W programie MATLAB użyj konwertera przyciemniania obrazu. m, aby przekonwertować i zmienić nazwę zestawu danych trenowania i walidacji na odpowiedni format do ładowania. W Pythonie użyj trenera.

load_dataset i trenera. draw_dataset funkcje do ładowania zestawów danych treningowych i walidacyjnych. Następnie uruchom pierwszą część programu treningowego śledzenia komórek 3D i zdefiniuj parametry obrazowania dla segmentacji komórek 3D.

Teraz w MATLABIE użyj konwertera obrazów DIM. m, aby przekonwertować i zmienić nazwę wszystkich obrazów serca 3D do odpowiedniego formatu i przenieść je do folderu danych.
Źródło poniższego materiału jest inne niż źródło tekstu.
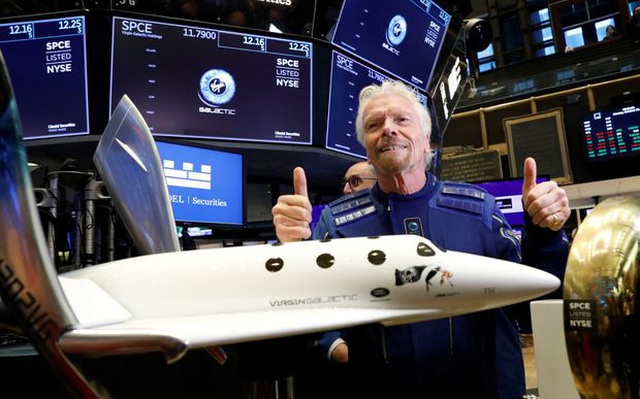 Vượt mặt Jeff Bezos, tỷ phú Richard Branson chính thức lên đường bay vào vũ trụ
W Pythonie uruchom drugą część programu do śledzenia komórek 3D, aby rozpocząć segmentację.

Po podzieleniu pierwszego obrazu 3D na segmenty porównaj wynik segmentacji z obrazem raw. Przenieś poprawioną segmentację do utworzonego folderu woluminu pierwszego podręcznika. W Pythonie uruchom trzecią część programu do śledzenia komórek 3D, aby podzielić wszystkie obrazy na segmenty.
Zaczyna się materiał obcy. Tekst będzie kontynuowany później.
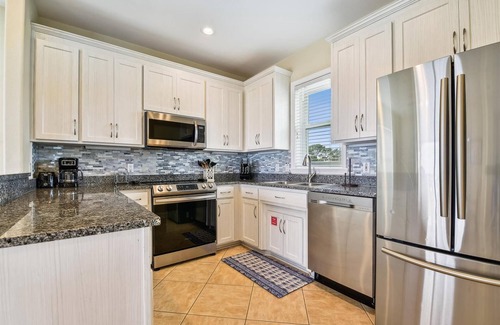 St. George Island House | Welcome to Blue Pelican!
Następnie otwórz oprogramowanie Amira i porównaj pozycje śledzonych komórek z odpowiadającymi im surowymi obrazami w celu wizualnej oceny wyników śledzenia. Ręcznie zweryfikuj dane wynikowe śledzenia komórek i wybierz komórki o spójnej intensywności obrazu we wszystkich woluminach. W oprogramowaniu do fragmentatora 3D za pomocą etykiet komórek do obj.

ipymbScript, wygeneruj siatkę powierzchni i przypisz unikalny kod koloru do każdej komórki. Eksportuj każdy model 3D jako pojedynczy plik obj, z wieloma obiektami podrzędnymi, którym towarzyszy plik mtl opisujący etykietę komórki. Zaimportuj modele 3D do aparatu Unity, korzystając z licencji edukacyjnej.

Zastosuj dostosowane skrypty, składające się z funkcji napisanych w programie C#, do modeli i elementów interfejsu użytkownika, aby uzyskać wizualizację 4D i interaktywną analizę.